Magosa kalesindekiler, Erenköy’dekiler gibi.
Bir şeyler geliyordu da: Bazen para, bazen birkaç hafif silâh, bazen söz, bazen birkaç kişi.
Ama karşı taraf bütün bunların yetersiz kalacağına, adanın bir gün mutlaka “büyük Elenlik dünyası” nın tam parçası olacağına kendisini öyle inandırmıştı ki zaman zaman ve yer yer Türk mevzilerine yöneltilmiş büyük hoparlörlerden Türkçe olarak “Bekledim de gelmedin” şarkısını çalabiliyordu.
Utanmadan.
Kısaca şu söylenebilir: O durumdaki Kıbrıs’ın bugünün “İki Cumhuriyetli Kıbrıs’ı” olmasına yol açan olaylar zincirinde ne varsa, Sampson darbesinden 20 Temmuz çıkartmasına, Birleşmiş Milletler oyunlarından Ledra palas çıkmazlarına kadar hepsi, karşıdakini küçümseyen, aşağılayan, aldatılacak safalak gözüyle bakan bir anlayışın sonucudur.

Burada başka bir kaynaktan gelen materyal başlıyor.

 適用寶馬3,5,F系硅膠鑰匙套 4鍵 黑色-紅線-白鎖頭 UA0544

Şimdi bağımsızlık ilanı ile birlikte bütün olup bitenleri “olması gereken”e doğru düzeltmek için sağlam bir başlangıç noktası ortaya çıkmıştır. Eğer adada gerçekten “bağımsız, bağlantısız ve insanca yan yana yaşama ilkesine yönelik bir federasyon” kurulacaksa, bu federasyonu kuracak olan taraflardan birinin “tam eşitlikten” emin olabilmesi için böyle bir adımın mutlaka atılması gerekiyordu…

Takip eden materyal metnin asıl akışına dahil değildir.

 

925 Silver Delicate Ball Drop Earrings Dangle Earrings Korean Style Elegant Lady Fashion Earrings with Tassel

Elektrik kıtsa mum yakılır. Ama bir mumun sıkıntılı bir aydınlatma aracı olmaktan çıkarak bayram sevinciyle yakılıp sevgiyle bakılan bir “bağımsızlık mumu” olabilmesi için yüreklerde bir şeylerin kıpırdaması gerekir.

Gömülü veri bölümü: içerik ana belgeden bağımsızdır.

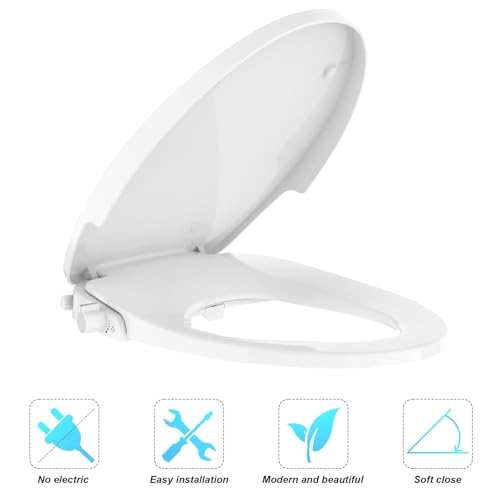 Bidet Toilet Seat, Premium Non-Electric Round Bidet Toilet Seats with Dual Nozzle, Easy to Install and Use, Perfect for Personal Hygiene and Comfort(Fits Round Toilets, White)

Şimdi Kuzey Kıbrıs ve onunla birlikte bütün Anadolu o kıpırdamayı yaşıyor.”
Mümtaz Soysal Kıbrıs Türk halkını bağımsızlık ilân etmeye sevkeden haklı sebepleri; hareketin amacını, bağımsız ve insanca yan yana yaşama ilkesine yönelik bir federasyonun temel şartının federasyonu kuracak taraflar arasındaki “tam eşitlik” olduğunu KKTC’nin kuruluşunun ertesi günü veciz ifadelerle ortaya koymuş bu anlamlı yazısında. “Bağımsızlık mumu” olabilmesi için de “yüreklerde” bir şeylerin “kıpırdaması” gerektiğini de vurgulamış.
Bu yazı bugün de Kıbrıs Millî Davamızın yürütülmesinde çeşitli yol gösterici fikirler, unsurlar taşımaktadır.
Kıbrıs davamızın sembollerinden biri olan Mümtaz Soysal Hocamızı sevgi, saygı ve rahmetle yad ediyorum.
Kıbrıs Rum halkının ve yönetiminin Kıbrıs Türk halkıyla tam eşitlik temelinde ve “gerçek” (genuine) federasyon niteliğinde bir ortaklık devleti kurma istek ve iradesine sahip olmadığı müzakere sürecinin akışı içinde açıkça belli olmuştur. En çarpıcı kanıt 24 Nisan 2004 tarihî referandumun da Rum halkının verdiği “red” oylarıdır. Cenevre Konferans sürecinde Rum ve Yunan taraflarının takındıkları tutumdur. Doğu Akdeniz’de varlığı iddia edilen hidrokarbon yatakları konusunda Kıbrıs Türk tarafıyla ve Türkiye ile ortak çıkarlar anlayışıyla işbirliğinden hasmane tutum ve davranışlarla kaçınmalarıdır.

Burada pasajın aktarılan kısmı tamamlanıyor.